Pagina:Bosboom-Toussaint, De vrouwen van het Leycestersche tijdvak eerste deel (1886).pdf/284

Uit Wikisource
Deze pagina is proefgelezen

»Nu dan!"

»Zij is in mijn oog als voor u joffer Prouninck, de vrouw, die men voor het leven aan zijne zijde voor gemalin zou wenschen." Wijndrik wilde spreken.

»Alleen," voegde de Maulde er snel bij, »ik denk niet aan ’t hijlik."

»Dan, jonker de Maulde! moet ik u zeggen: gij hebt niet wel gedaan met haar zooveel van uwe onderscheiding te laten onderkennen."
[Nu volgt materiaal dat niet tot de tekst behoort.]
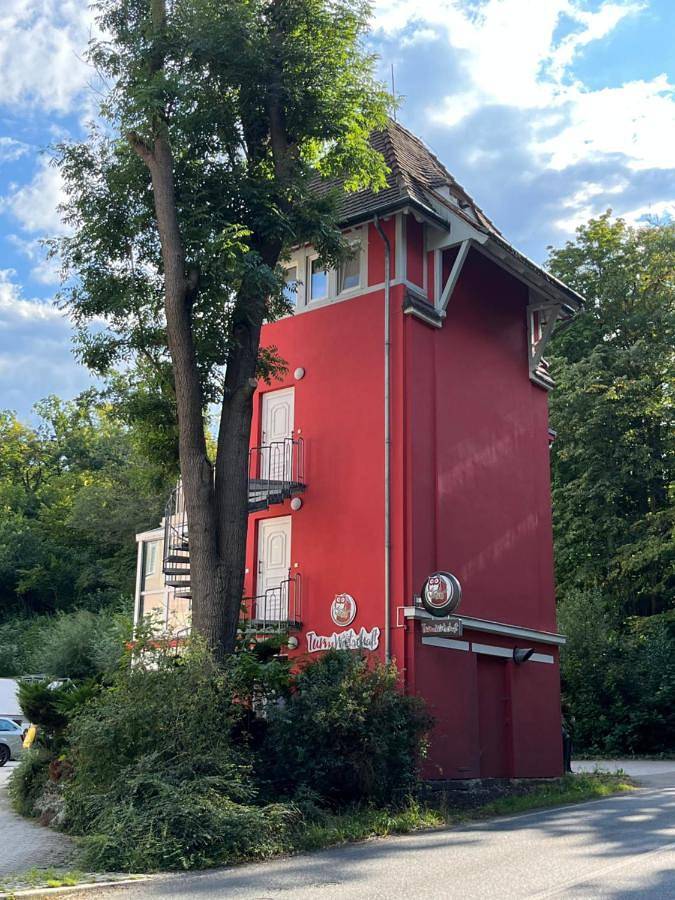 Ferienwohnung für 2 Personen, mit Terrasse und Ausblick in Kreischa - 2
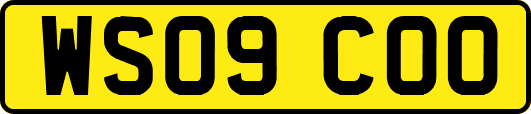WS09COO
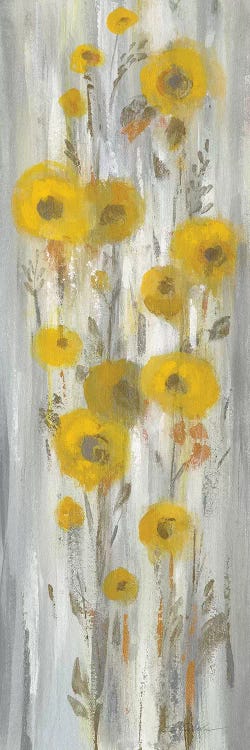 Roadside Flowers II by Silvia Vassileva wall art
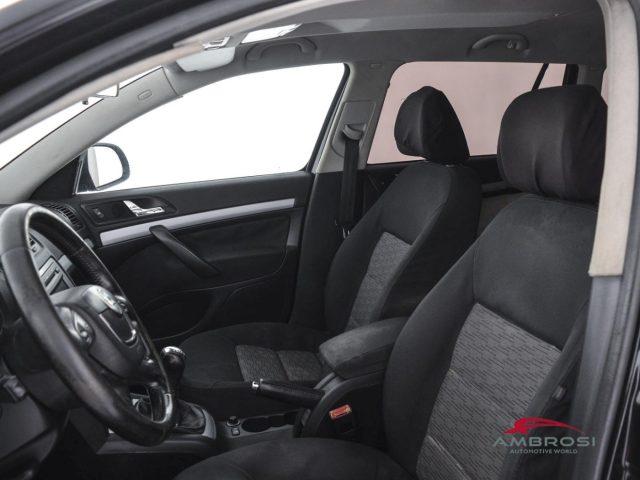 SKODA Octavia 1.9 TDI F.AP. Wagon Comfort - PER OPERATORI DEL SE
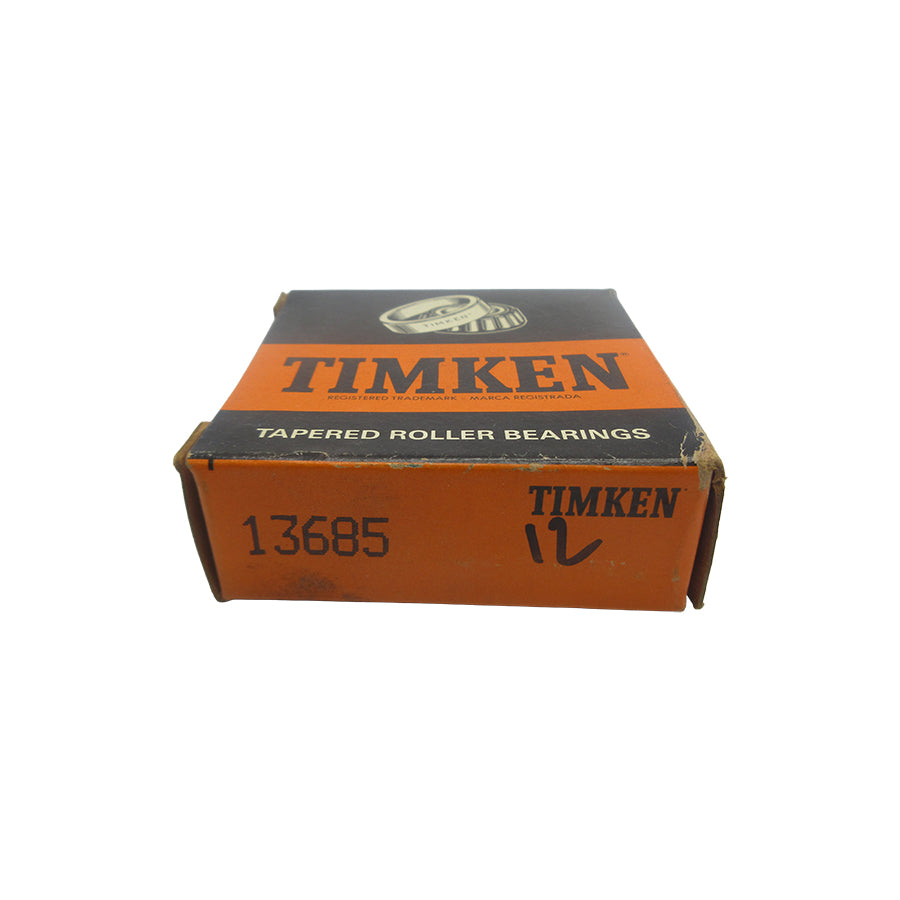 TIMKEN 13685 NSMP
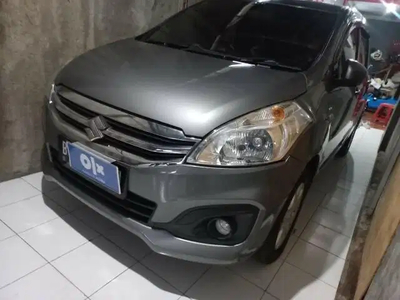 Suzuki Ertiga 2016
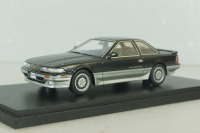  Toyota Soarer 3.0 GT-Limited E-MZ20, grey, PM4315BG, Mark43 1:43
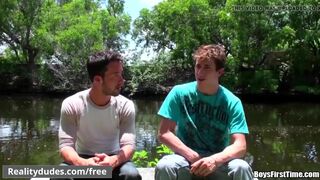 Hot Dudes - All For Pleasure - Trailer preview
»Waarom niet? ik heb haar nooit gezocht, dan om de minne van jok en zoeten kout, en misschien ook een weinig, omdat… omdat…" —

»Nu dan!"

»Omdat. zij niet de meest bedeelde was in uiterlijk schoon; en dus niet zoo gevierd als menige andere, wier geest en hart minder waardij hadden. Ik zie niet, dat daar kwaad in steekt, noch bij intentie, noch bij executie."
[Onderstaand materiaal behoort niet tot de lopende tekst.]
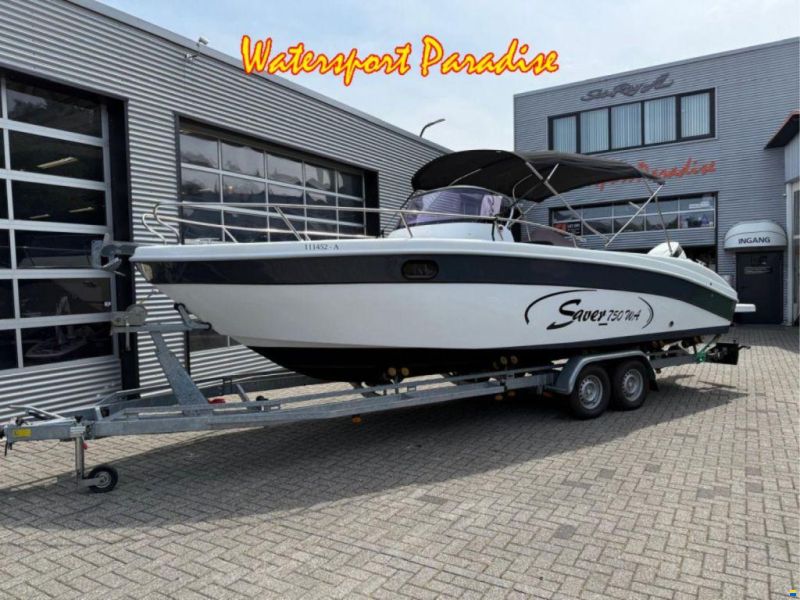 Saver 750 WA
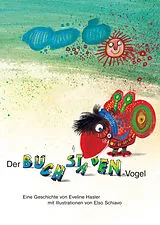 Fester Einband Der Buchstaben-Vogel von Eveline Hasler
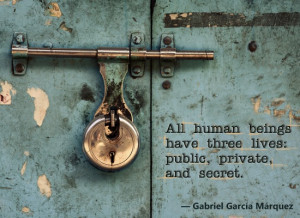 Famous Quotes of Gabriel Garcia Marquez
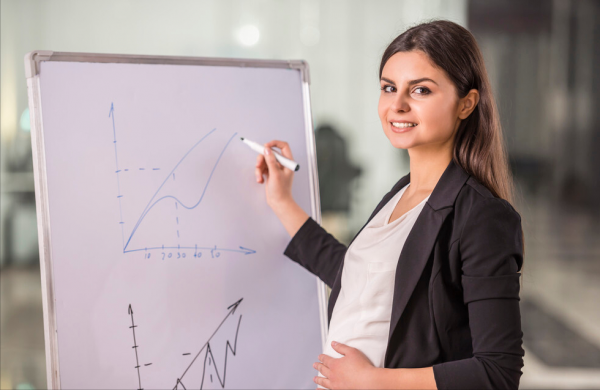 懷孕後,如果是這幾種情況就不要繼續工作了,孕媽別任性不聽勸 懷孕後,如果是這幾種情況就不要繼續工作了,孕媽別任性不聽勸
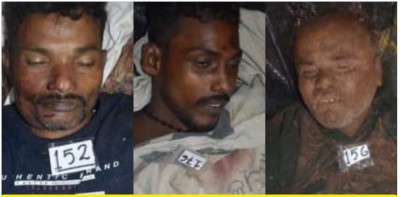 ओडिशा हादसे में नहीं हुई अब 81 मृतकों की पहचान
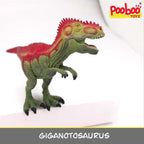 Dinosaurus Pooboo Series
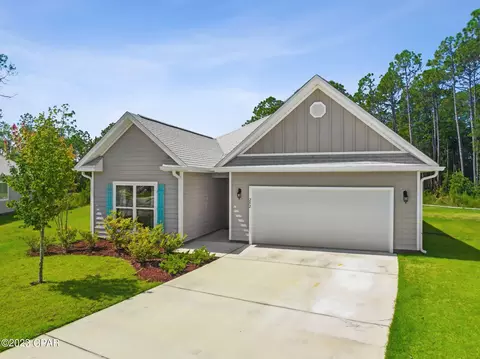 252 Villa Bay Dr, Panama City Beach, FL 32407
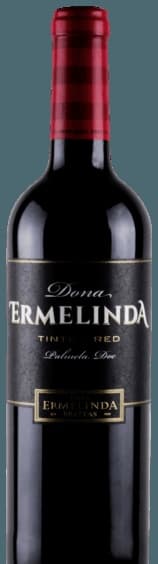 Dona Ermelinda Palmela Tinto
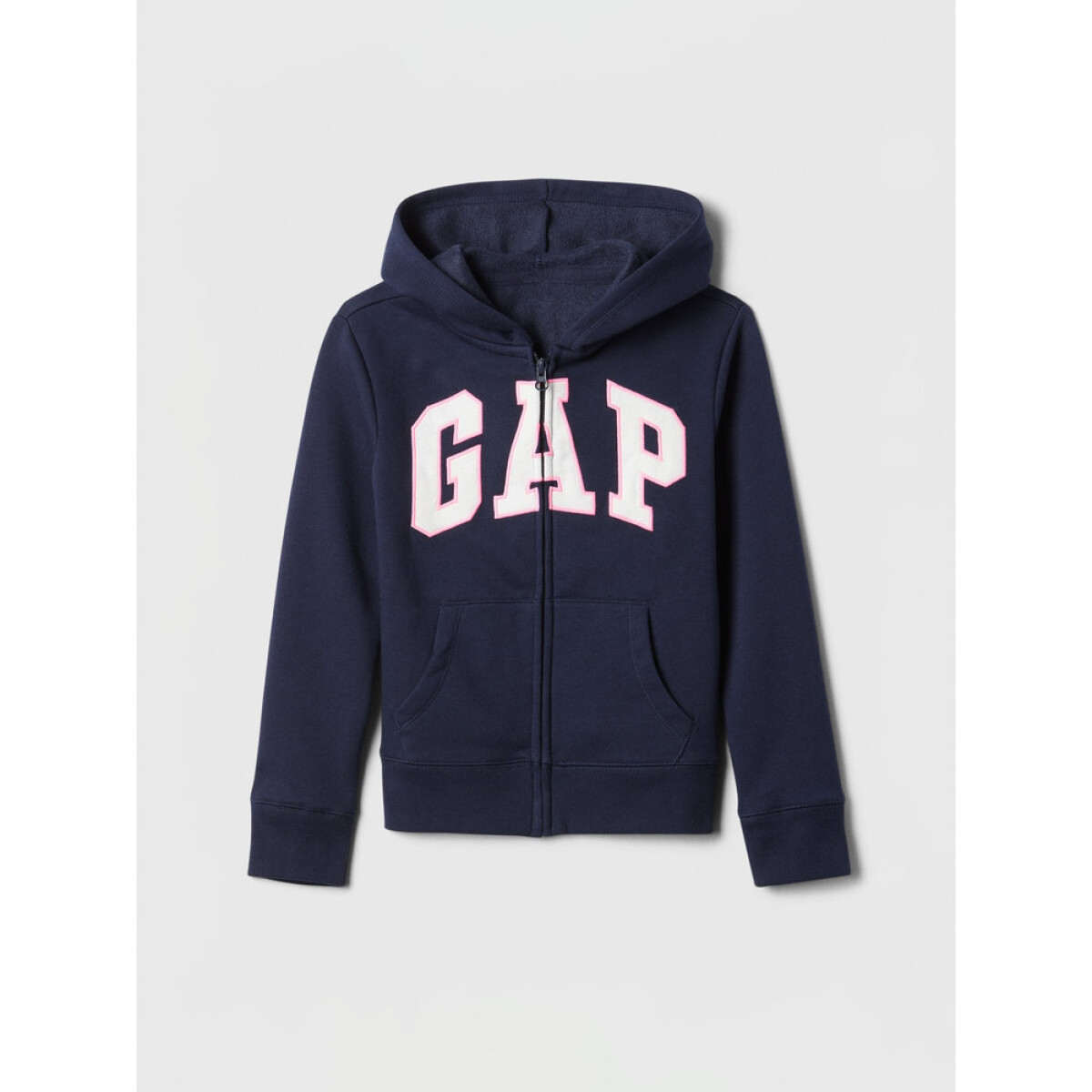 V-LOGO FZ - TAPESTRY NAVY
»Voor u zeker niet! Maar zijt gij even zeker, dat zij het dus heeft genomen, als het gegeven werd? dat zij zich niet een weinig heeft vergist in die intentie en niet wat anders heeft gegist, bij die onderscheiding zich zoo gansch recht doet, wat het uiterlijk aangaat, dat ze onmogelijk acht, iets anders dan achting in te boezemen? Weet gij \’t zeker, dat zij niet zulke! indrukken heeft ontvangen, die voor hare rust nadeelig zijn, al hinderen ze niet aan de uwe…?"
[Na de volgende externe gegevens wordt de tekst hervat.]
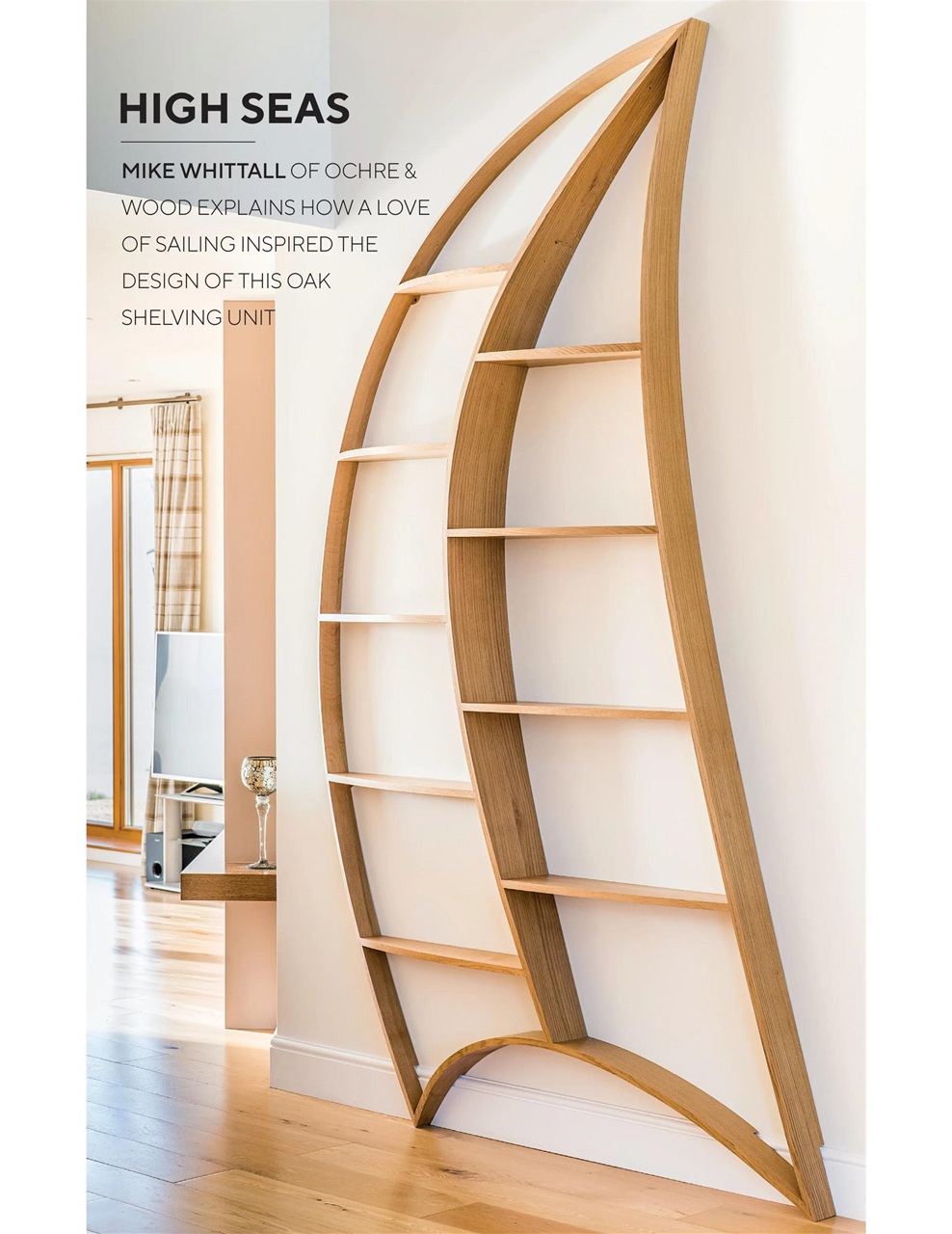 Furniture & Cabinetmaking Preview Pages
»O! dat zou eene ramp zijn, eene groote ramp!"

»Een groote schuld, zoo het ware; maar ik zeg niet, dat het is!"

»O! ik moet het weten; ik zal haar spreken, en zoo dát zijn mocht…"

»Dat zoudt gij dan doen? uw anderen grooten hartstocht uitwisschen…?"

»O! mijn God! neen! dat is zoo; ik zou niets kunnen goed maken."